Set down exactly each line of the entries below, beginning at the one that contains "Rainbow Diaper print collection" and ending at the last, and no others.

> Supplied records:

================

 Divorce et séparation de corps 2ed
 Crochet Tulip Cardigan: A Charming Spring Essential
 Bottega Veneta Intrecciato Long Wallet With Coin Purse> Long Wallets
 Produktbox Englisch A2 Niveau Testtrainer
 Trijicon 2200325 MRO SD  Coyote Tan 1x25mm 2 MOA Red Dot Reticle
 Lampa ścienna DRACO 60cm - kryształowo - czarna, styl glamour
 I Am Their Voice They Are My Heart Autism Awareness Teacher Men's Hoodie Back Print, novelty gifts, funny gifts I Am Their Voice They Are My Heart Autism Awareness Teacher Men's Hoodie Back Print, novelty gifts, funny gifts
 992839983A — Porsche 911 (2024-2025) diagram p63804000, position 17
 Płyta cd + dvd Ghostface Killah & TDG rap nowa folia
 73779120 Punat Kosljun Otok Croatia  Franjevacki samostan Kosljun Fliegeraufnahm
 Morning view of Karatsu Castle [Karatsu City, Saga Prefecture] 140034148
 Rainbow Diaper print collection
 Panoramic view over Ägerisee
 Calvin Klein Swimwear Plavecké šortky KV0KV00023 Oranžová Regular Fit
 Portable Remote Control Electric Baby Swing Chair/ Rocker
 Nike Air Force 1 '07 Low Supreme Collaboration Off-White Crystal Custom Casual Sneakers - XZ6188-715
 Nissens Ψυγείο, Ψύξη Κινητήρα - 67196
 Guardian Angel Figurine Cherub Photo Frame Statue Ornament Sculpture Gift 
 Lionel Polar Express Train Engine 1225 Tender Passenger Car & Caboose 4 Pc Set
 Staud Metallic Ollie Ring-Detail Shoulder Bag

================

> Reply:
 Rainbow Diaper print collection
 Panoramic view over Ägerisee
 Calvin Klein Swimwear Plavecké šortky KV0KV00023 Oranžová Regular Fit
 Portable Remote Control Electric Baby Swing Chair/ Rocker
 Nike Air Force 1 '07 Low Supreme Collaboration Off-White Crystal Custom Casual Sneakers - XZ6188-715
 Nissens Ψυγείο, Ψύξη Κινητήρα - 67196
 Guardian Angel Figurine Cherub Photo Frame Statue Ornament Sculpture Gift 
 Lionel Polar Express Train Engine 1225 Tender Passenger Car & Caboose 4 Pc Set
 Staud Metallic Ollie Ring-Detail Shoulder Bag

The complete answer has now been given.